There are instances in your early life that stain your psyche as red wine will stain a white tablecloth. Those times seep into the woof and warp of your being. Th stain is permanent and unlike a tablecloth, the stains that color your self cannot be tossed away and replaced.
Some people are able to let the stains fade. They incorporate them into their fabric so they are barely noticeable. Others will continually expose their stains to the entire world, never attempting to to hide them. Then there are still others, I think the majority of us, who are aware of the stains and keep trying to diminish them. We don't want the stains to color our lives, even as we know they will. We mentally scrub at them over and over. We know that even though we mask the stains fairly well, they are still evident.
The realization that we are all stained in some way just by remaining alive became very apparent when I was talking to a friend I've known since childhood. She is, outwardly, a vibrant, successful, intelligent woman. Inside she struggles to remove the stains made by the rejection and torment of her two cousins. I never saw the dark marks within her. To me she was and always will be the kind of person I want to have as a friend. She's good, kind, generous, smart, talented, funny and a myriad of other things that maker her a special person. She labors to remove her stains yet hasn't let them color her personality or life to an overwhelming extent. She has and does fight the good fight every day. But I now know that when she looks inward; she doesn't usually see what I see. Many times all she can see is a fat girl with opinions that was shunned because of her body and her sharp wit by thinner more popular relatives.

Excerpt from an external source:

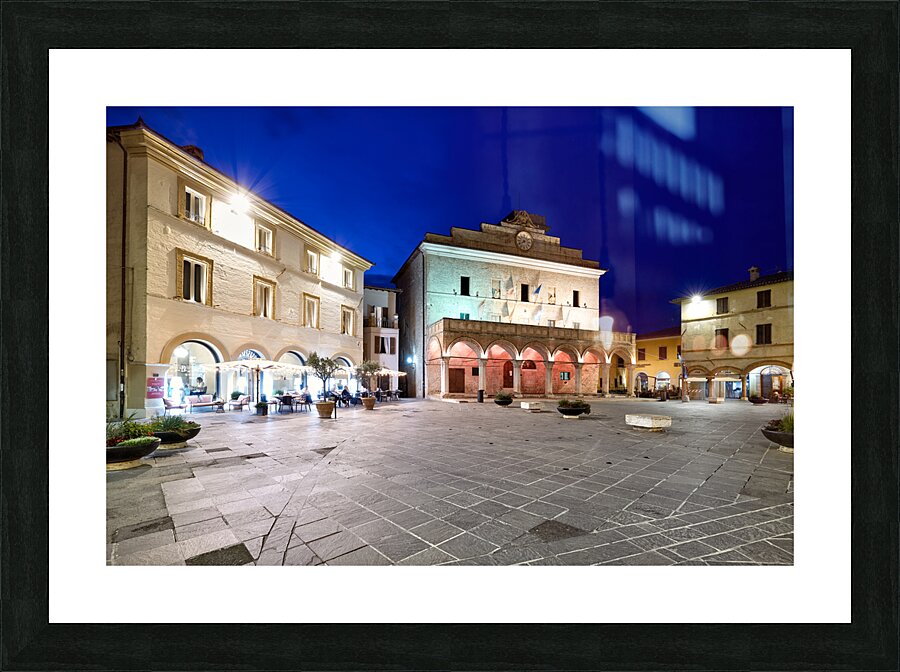 Montefalco Umbria Italy. Piazza del Comune at sunset Picture Frame print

My friend and I know that what we see in our inner mirror is only a pale illusion of whom and what we really are but we can't escape those stained ghostly images. We carry them with us like an invisible backpack.
I've been told by many that I'm a strong, confident, intelligent, creative woman. My own inner mirror reflects an image of a woman marked with self-doubt, frailty of spirit and stupidity.
My stains are deep.
I know I've been death eating a cracker lately. I'm going to do a couple of fun posts shortly just so y'all don't want to jump in the abyss with me.